BURMA -- More than 200 migrants were rescued by Burma's navy Friday from the waters off southeast Asia. Thousands more are still stranded at sea, after fleeing poverty and religious persecution.
Many of the migrants are Rohingya - a Muslim minority from overwhelmingly Buddhist Burma. They have lived along the border with Muslim Bangladesh for generations.
Long simmering religious animosity exploded three years ago, when Buddhist mobs burned Muslim villages. More than 100,000 Rohingya fled to government refugee camps. We found Abdusalem at one.
"My family ran to survive," he said. "They're barely surviving now."
The camps are off limits, but we managed to slip in. The people are frightened, hungry and stateless. Rohingya are not considered citizens of Burma.
Matt Smith, a human rights worker documenting conditions in the camps, says they're essentially "concentration camps."

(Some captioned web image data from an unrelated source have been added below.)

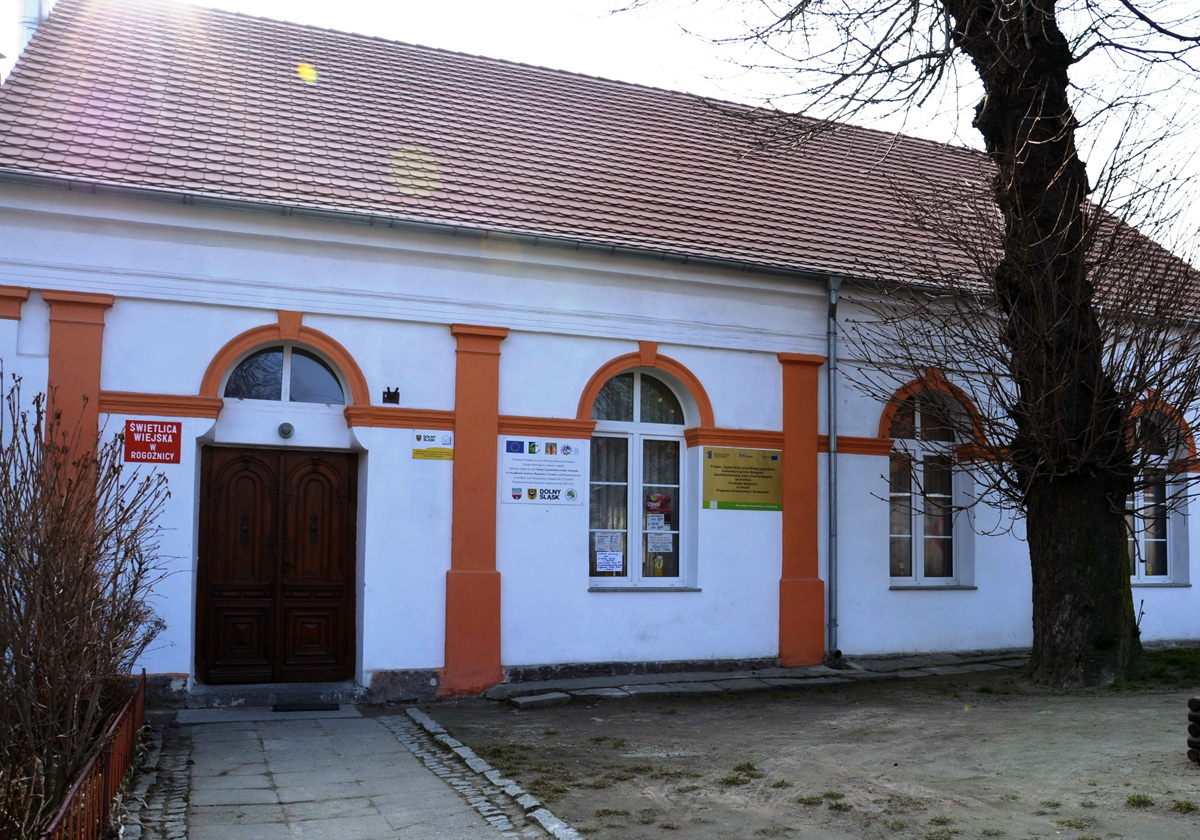 Niebawem ruszy remont świetlicy w Rogoźnicy! 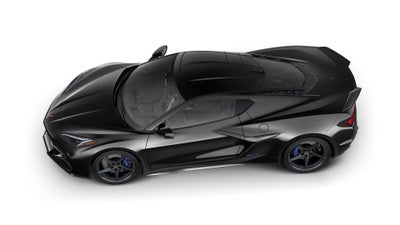 2026 Chevrolet Corvette E-Ray 2LZ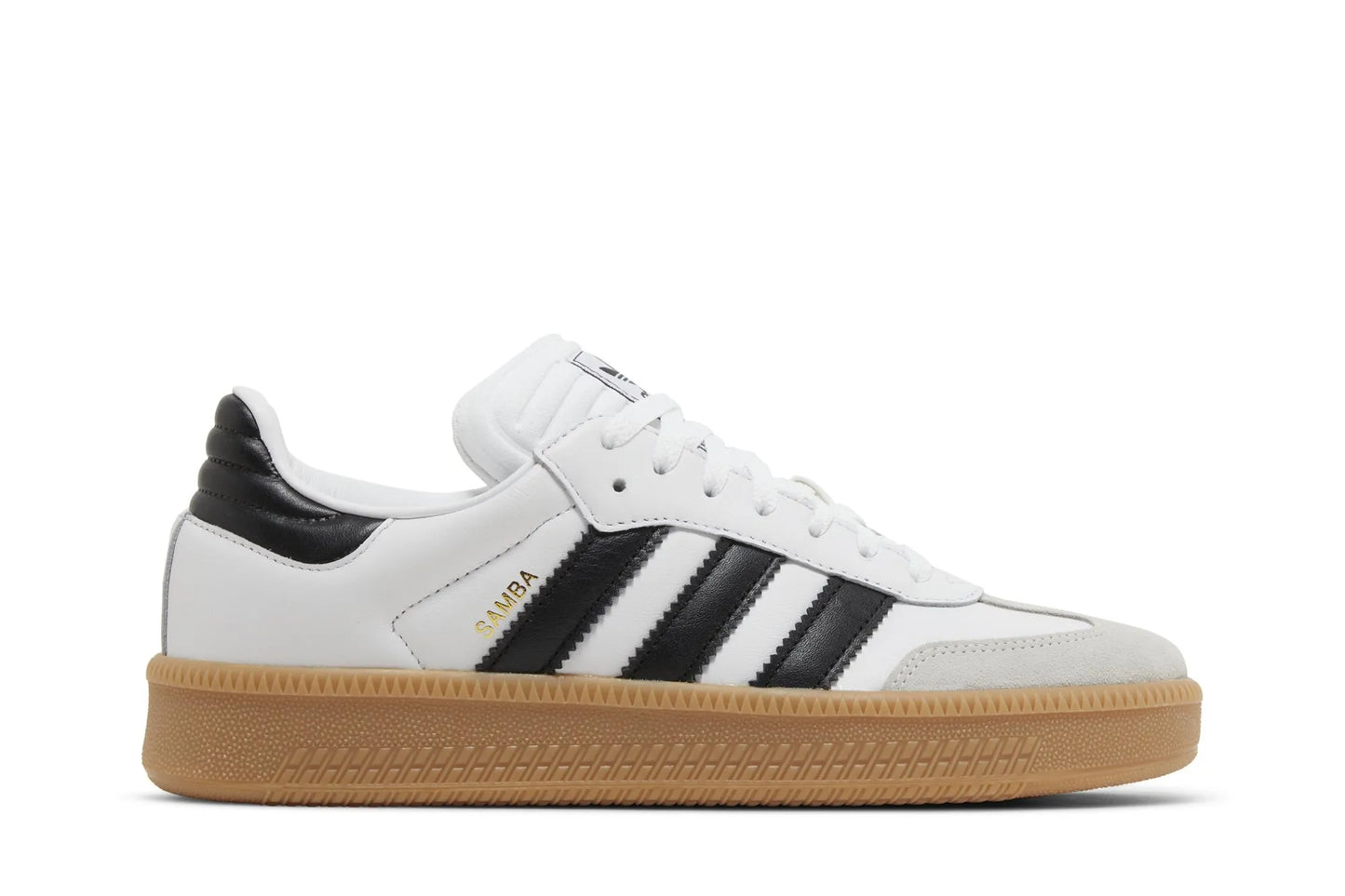 Samba XLG ‘White Black Gum’ IE1377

"People are confined in these camps," said Smith. "They can't leave these areas."
Smith told us most people's only option is to flee by sea.
"We're seeing people risking their lives actually to get on boats to flee to other countries," said Smith.
We went to the capital to ask President Thein Sein about the Rohingya.
"They are illegal immigrants and now some of their generations are being born here," said Sein. "We'll scrutinize these people to see if they are eligible for citizenship. If not, we'll consider other circumstances."
For thousands of Rohingya, circumstances in Burma are so dire they'd rather face the forbidding sea.